Há pouco tempo, foi divulgado o projeto de orçamento do Ministério da Defesa do Japão para o ano fiscal de 2027. Nele estão contemplados o desenvolvimento de mísseis hipersônicos lançados debaixo d’água, o avanço de pesquisas para dotar submarinos não tripulados de capacidade de lançamento de mísseis de longo alcance, o desenvolvimento de drones de ataque capazes de realizar voos de longa distância, entre outros.
O projeto de orçamento militar, cujo objetivo é elevar ainda mais a capacidade das "Forças de Autodefesa" de conduzir guerras, demonstra que as ambições do atual governo de transformar o Japão em uma potência militar estão avançando para uma etapa imprudente.
O "Livro Branco da Defesa", divulgado no último dia 4, revelou claramente quais são as aspirações das autoridades japonesas em relação à "defesa nacional" e de que maneira pretendem realizá-las.
O "Livro Branco da Defesa" afirma que o desenvolvimento da indústria bélica desempenha um papel importante no aumento da competitividade internacional e na promoção do crescimento econômico.
Os meios de comunicação chineses classificaram isso como uma teoria do enriquecimento por meio da guerra.

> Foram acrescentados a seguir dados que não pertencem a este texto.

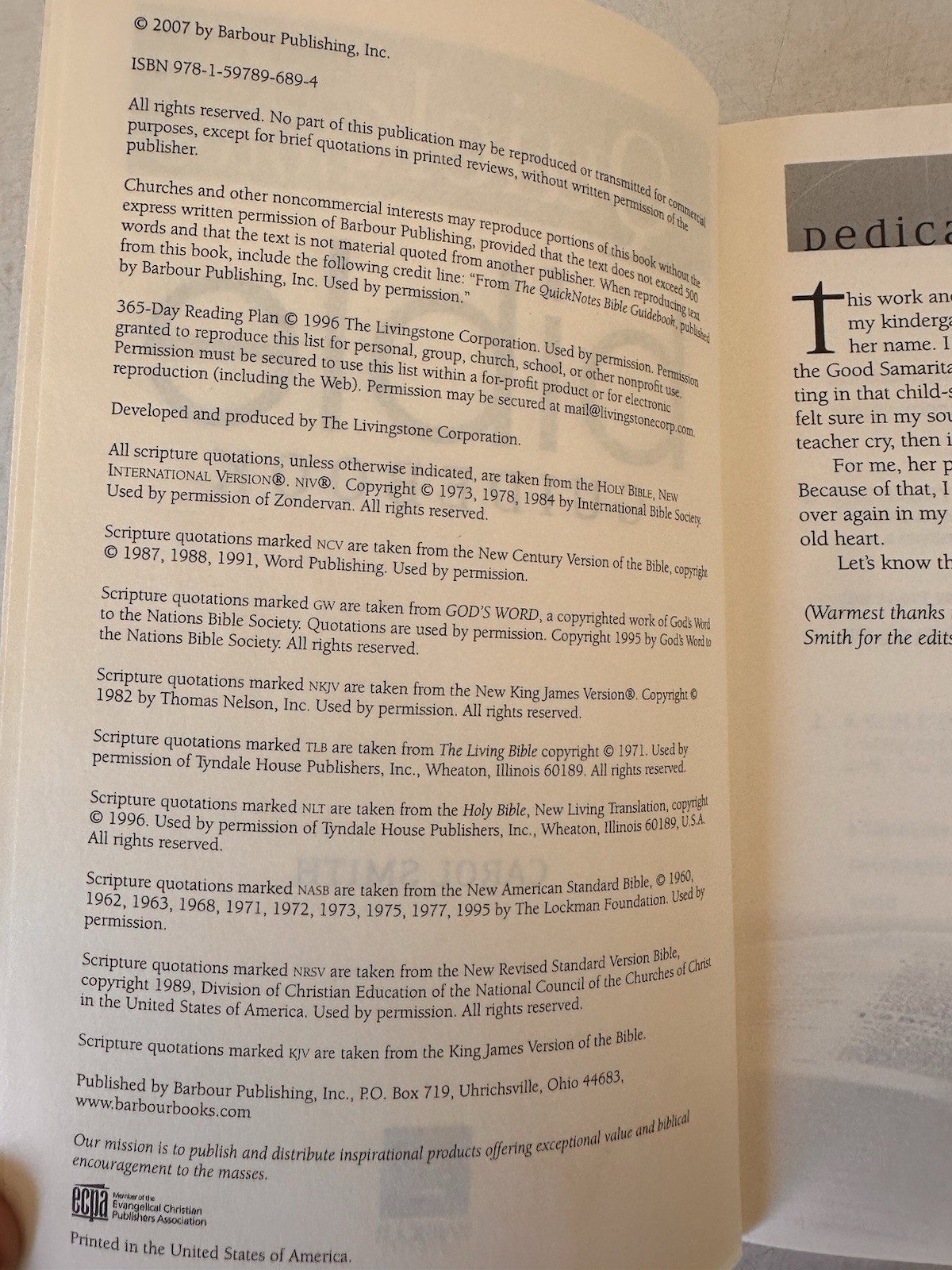 Quicknotes Bible Guidebook 2007 by Carol Smith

Pode-se dizer que é um conceito que expõe claramente as intenções do governo de Takaichi de desperdiçar indiscriminadamente recursos do tesouro nacional no desenvolvimento da indústria bélica, sob o pretexto de recuperar uma economia mergulhada na estagnação.

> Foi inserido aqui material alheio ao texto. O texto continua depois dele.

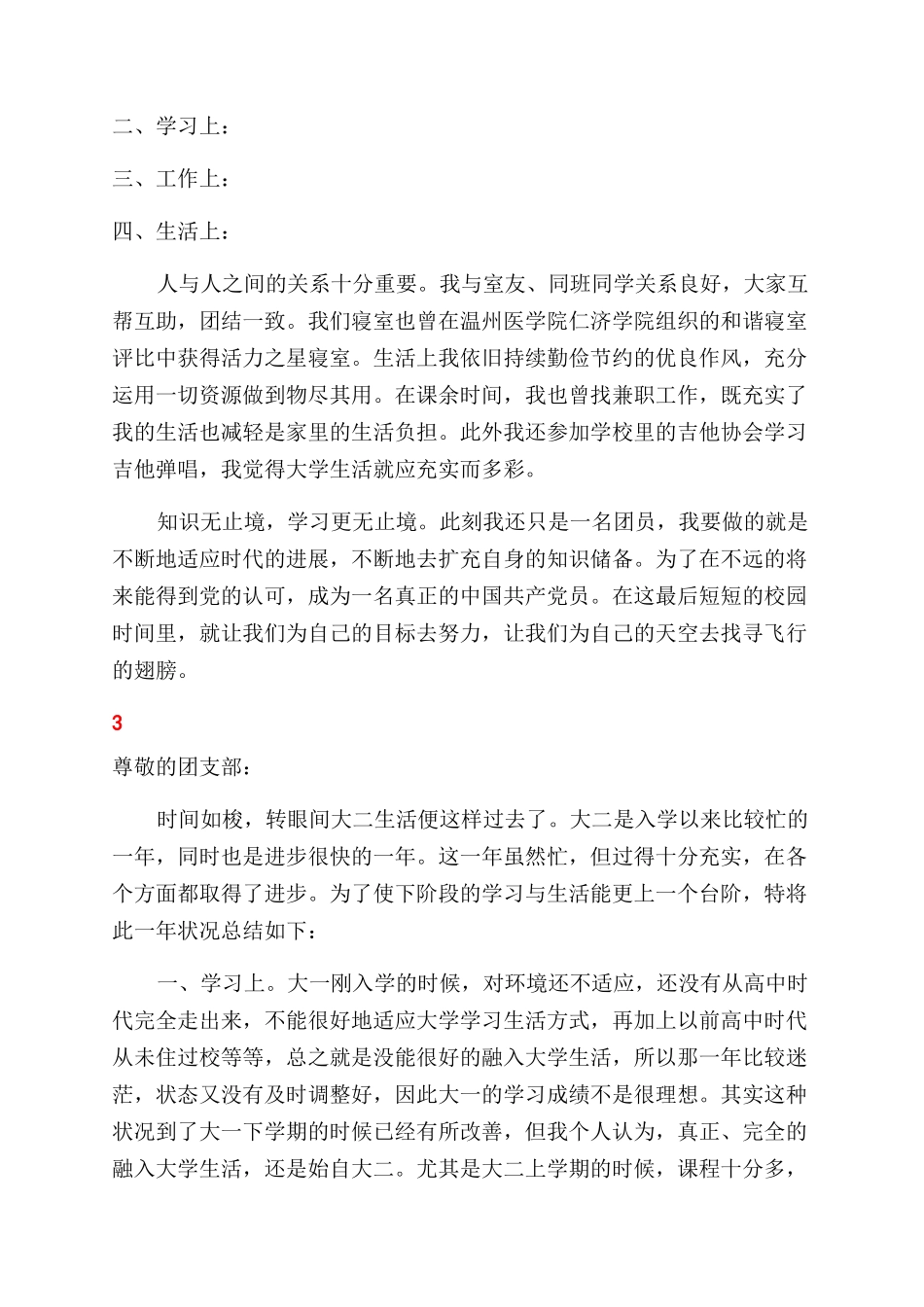 团员年度个人总结自我鉴定范本_第3页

O fato de terem vinculado inseparavelmente o desenvolvimento da indústria bélica ao fortalecimento da competitividade internacional e à promoção do crescimento econômico demonstra claramente que a aspiração do governo de Takaichi consiste inteiramente em transformar o Japão em uma potência militar e em um Estado neomilitarista, tendo também definido como método para isso a concentração de todo o potencial econômico e tecnológico no desenvolvimento da indústria bélica.
Tanto no passado como nos dias atuais, sempre que se depararam com graves crises, os Estados belicistas procuraram uma saída acelerando intensamente a militarização da economia e provocando guerras de agressão. Quase todas as guerras de maior ou menor escala, desde as duas guerras mundiais até os conflitos posteriores, foram desencadeadas por Estados belicistas e agressivos com o objetivo de escapar das crises políticas e econômicas que enfrentavam.
O Japão também possui um passado de agressões e guerras sangrentas e, por isso, foi classificado como Estado agressor e país inimigo. Consequentemente, o Japão é, hoje e amanhã, um país que deve permanecer constantemente sob o olhar vigilante da comunidade internacional.
Entretanto, as autoridades japonesas, evitando habilmente o olhar atento da comunidade internacional por meios ardilosos, estão ampliando em grande escala a capacidade produtiva de empresas envolvidas em crimes de guerra e de empresas da indústria bélica, incluindo a Mitsubishi Heavy Industries e a Kawasaki Heavy Industries, e pressionando-as a desenvolver e produzir diversos tipos de armas de ataque.
As grandes e pequenas empresas japonesas da indústria bélica, que recebem injeções de enormes recursos provenientes dos gastos militares, que aumentam a cada ano, entraram em uma fase de grande ressurgimento após um período de estagnação, fazendo com que o avanço da militarização da economia também se acelere.
A expansão imprudente da indústria bélica não trará prosperidade ao Japão, mas apenas agravará ainda mais sua grave crise.
Atualmente, a dívida pública do Japão continua aumentando, enquanto o peso financeiro imposto à classe média e às camadas pobres também cresce incessantemente.
Um ex-funcionário do Ministério da Economia, Comércio e Indústria do Japão afirmou que, nessas condições, a expansão contínua dos armamentos pressionará os gastos destinados a áreas relacionadas à vida do povo, como educação e saúde, podendo lançar o país em dificuldades caracterizadas por desequilíbrio fiscal e estagnação do crescimento econômico.
A expansão da indústria bélica não apenas do ponto de vista econômico, mas também do ponto de vista da segurança, colocará o Japão ainda mais próximo do centro da crise.
A expansão da indústria bélica do Japão é, do começo ao fim, um ato de preparar uma armadilha para sua própria destruição.
As coisas jamais se desenrolarão de acordo com a vontade da classe dominante japonesa.